Canada’s economic development model is on a collision course with the urgent need for global climate action. Worldwide, extreme weather events from drought to floods to powerful storms and record-breaking temperatures are making a powerful statement that climate change can no longer be denied.
Hurricane Sandy, which rudely interrupted a US election in which candidates ignored climate change, pushed climate action back onto the US policy agenda. Costs are piling up, with one recent estimate of $1.2 trillion per year in global damages already from climate change and related environmental costs from a carbon-intensive economy.
In short, at some point soon we are going to see a strong global climate treaty. And when that happens, a day of reckoning is coming for Canada’s fossil fuel companies, whose value is tied to carbon assets they will be forced to leave in the ground.
From a scientific perspective, what matters most is the world’s carbon budget –the total amount of CO2 that can “safely” be emitted in coming decades. For an 80% chance of keeping global warming below 2°C, the target for international negotiations, the world’s carbon budget is now approximately 500 billion tonnes (gigatonnes, or Gt) of carbon dioxide.
Canada’s share of that carbon budget would depend on negotiation, but almost certainly falls between 2 and 20 Gt. Canada’s reserves of bitumen, oil, gas and coal, when converted into potential emissions, are substantially larger: proven reserves are equivalent to 91 Gt; and adding probable reserves yields 174 Gt.

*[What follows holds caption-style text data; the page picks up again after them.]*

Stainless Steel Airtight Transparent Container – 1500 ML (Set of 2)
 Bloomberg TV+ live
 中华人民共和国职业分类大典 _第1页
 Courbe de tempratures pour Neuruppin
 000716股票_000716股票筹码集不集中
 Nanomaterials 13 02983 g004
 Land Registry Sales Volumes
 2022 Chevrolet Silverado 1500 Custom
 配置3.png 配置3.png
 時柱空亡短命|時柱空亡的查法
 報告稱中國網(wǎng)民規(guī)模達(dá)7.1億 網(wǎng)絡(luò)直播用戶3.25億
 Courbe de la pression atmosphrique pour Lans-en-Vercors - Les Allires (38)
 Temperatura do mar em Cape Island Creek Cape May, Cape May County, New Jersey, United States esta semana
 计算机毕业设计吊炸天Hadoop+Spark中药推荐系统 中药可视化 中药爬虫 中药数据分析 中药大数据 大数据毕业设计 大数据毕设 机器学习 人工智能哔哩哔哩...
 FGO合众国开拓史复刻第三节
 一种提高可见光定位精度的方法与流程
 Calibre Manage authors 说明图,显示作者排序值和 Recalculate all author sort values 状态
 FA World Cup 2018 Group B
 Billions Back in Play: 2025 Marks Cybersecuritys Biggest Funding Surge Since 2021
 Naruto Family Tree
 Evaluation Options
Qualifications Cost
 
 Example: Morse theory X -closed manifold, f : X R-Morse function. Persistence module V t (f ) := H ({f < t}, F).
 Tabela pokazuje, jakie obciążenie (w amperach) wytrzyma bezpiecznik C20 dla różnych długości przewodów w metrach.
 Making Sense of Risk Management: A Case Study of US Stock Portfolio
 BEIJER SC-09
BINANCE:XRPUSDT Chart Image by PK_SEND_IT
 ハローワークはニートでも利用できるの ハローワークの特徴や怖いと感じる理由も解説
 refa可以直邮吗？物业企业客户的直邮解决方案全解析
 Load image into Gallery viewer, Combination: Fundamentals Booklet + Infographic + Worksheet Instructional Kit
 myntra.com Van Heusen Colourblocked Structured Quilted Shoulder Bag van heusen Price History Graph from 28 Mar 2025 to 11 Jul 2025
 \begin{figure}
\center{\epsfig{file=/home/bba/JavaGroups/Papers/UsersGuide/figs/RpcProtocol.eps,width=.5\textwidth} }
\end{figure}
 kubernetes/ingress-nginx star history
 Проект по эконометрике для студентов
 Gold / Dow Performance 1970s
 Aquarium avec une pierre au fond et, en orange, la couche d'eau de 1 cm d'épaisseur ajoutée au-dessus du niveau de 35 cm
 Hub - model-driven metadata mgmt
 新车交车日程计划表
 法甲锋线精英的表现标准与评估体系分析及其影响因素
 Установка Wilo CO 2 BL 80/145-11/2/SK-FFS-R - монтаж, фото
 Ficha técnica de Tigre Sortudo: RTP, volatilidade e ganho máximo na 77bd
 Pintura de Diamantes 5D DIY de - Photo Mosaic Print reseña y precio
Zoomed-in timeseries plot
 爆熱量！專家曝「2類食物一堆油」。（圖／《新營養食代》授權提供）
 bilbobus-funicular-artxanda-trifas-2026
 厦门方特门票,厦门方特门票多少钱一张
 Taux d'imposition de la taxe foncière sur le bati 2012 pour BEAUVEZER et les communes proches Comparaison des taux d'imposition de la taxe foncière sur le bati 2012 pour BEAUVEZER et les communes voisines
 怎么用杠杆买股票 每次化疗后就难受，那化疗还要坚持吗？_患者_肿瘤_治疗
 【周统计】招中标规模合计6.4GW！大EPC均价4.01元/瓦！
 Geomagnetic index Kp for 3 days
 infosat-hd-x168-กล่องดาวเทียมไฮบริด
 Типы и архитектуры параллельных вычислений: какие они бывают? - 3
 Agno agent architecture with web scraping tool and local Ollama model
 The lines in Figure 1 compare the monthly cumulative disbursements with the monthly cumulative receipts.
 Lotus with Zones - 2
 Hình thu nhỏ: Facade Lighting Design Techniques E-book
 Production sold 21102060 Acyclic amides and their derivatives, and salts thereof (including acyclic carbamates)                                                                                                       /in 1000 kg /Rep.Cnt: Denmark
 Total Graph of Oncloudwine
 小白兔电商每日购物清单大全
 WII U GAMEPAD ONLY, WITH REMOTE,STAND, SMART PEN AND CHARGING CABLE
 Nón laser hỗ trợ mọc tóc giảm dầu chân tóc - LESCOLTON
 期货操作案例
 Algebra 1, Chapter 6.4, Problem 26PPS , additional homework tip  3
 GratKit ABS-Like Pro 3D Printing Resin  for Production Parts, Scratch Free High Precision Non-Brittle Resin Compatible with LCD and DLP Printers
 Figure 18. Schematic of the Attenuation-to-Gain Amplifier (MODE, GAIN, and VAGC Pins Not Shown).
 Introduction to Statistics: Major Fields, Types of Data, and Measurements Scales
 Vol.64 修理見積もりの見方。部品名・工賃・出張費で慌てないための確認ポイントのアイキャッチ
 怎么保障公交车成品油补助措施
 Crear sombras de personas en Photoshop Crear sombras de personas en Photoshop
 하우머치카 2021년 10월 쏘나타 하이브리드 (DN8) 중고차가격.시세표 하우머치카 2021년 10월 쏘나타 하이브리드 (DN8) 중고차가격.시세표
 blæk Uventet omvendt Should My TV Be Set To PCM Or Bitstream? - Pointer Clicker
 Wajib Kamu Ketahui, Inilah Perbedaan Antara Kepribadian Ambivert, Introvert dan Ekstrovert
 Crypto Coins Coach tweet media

So even with a generous carbon budget of 20 Gt, some 78% of Canada’s proven reserves, and 89% of proven-plus-probable reserves, need to remain underground.
This is bad news for carbon-intensive assets, and for Canada’s financial markets. The Toronto Stock Exchange (TSX) is highly weighted towards the fossil fuel sector, with total market capitalization of fossil fuel companies around $400-500 billion. Fossil fuel companies account for about 24% of the total value of the S&P/TSX60 index.
The recent experience of high-tech and housing bubbles should serve as a warning to policy makers. In 2008, the collapse of a housing bubble threatened the global financial system as a whole, and affected a broad segment of society because housing is the most important asset for middle-class households.
Next to home ownership, the right to future income through employer pension plans is the second-most important asset for a wide swath of middle-class households. Registered pension plans cover more than 6 million members in Canada, and the total market value of trusteed pension funds in 2012 was over $1.1 trillion, of which almost one-third was held in stocks.
It is difficult to ascertain the exposure of Canadian pension funds to a carbon bubble. More than half of Canada’s pension system is in the form of employer pension funds (55%), followed by RRSP assets holdings (35%). In the US experience, pension funds own almost one-third of oil company stocks.
Addressing risk is inherent to financial market investment, which routinely must account for risks due to inflation, currency movements, regulatory changes, political turmoil and general economic conditions. However, there has been a general failure to account for climate risk, and a tendency to view any screening for environmental purposes to be detrimental to financial performance.
In fact, the problem is just the opposite: by not accounting for climate risk – and the inevitability of climate action – large amounts of invested capital are vulnerable to the carbon bubble. Carbon stress tests across the financial industry, and in particular for pension funds, are needed to get a better handle on climate risk in Canada.
While pension funds have to generate maximum current return value for existing (and soon-to-be) pensioners, at the same time they are legally obligated to ensure the long-term sustainability of the fund. That is, funds must equally represent the interests of young workers for their eventual retirements.
Fossil fuel divestment has become a hot topic in the US and Canada, with students leading the way by targeting university endowments. Churches, local governments and pension funds are also beginning to wake up to the mismatch between climate change and fossil fuel investments.
Canada badly needs climate leadership to deflate the carbon bubble, including saying no to new fossil fuel infrastructure like pipelines. A coordinated program must accept a carbon budget, shift incentives through carbon pricing, and supply financial markets with alternative investment vehicles like green bonds tied to building the green infrastructure we need.
Together, these moves would comprise a “managed retreat” from fossil fuel investments that ensures Canada’s financial markets are part of the solution.
This piece is based on the study Canada’s Carbon Liabilities (co-authored with Brock Ellis).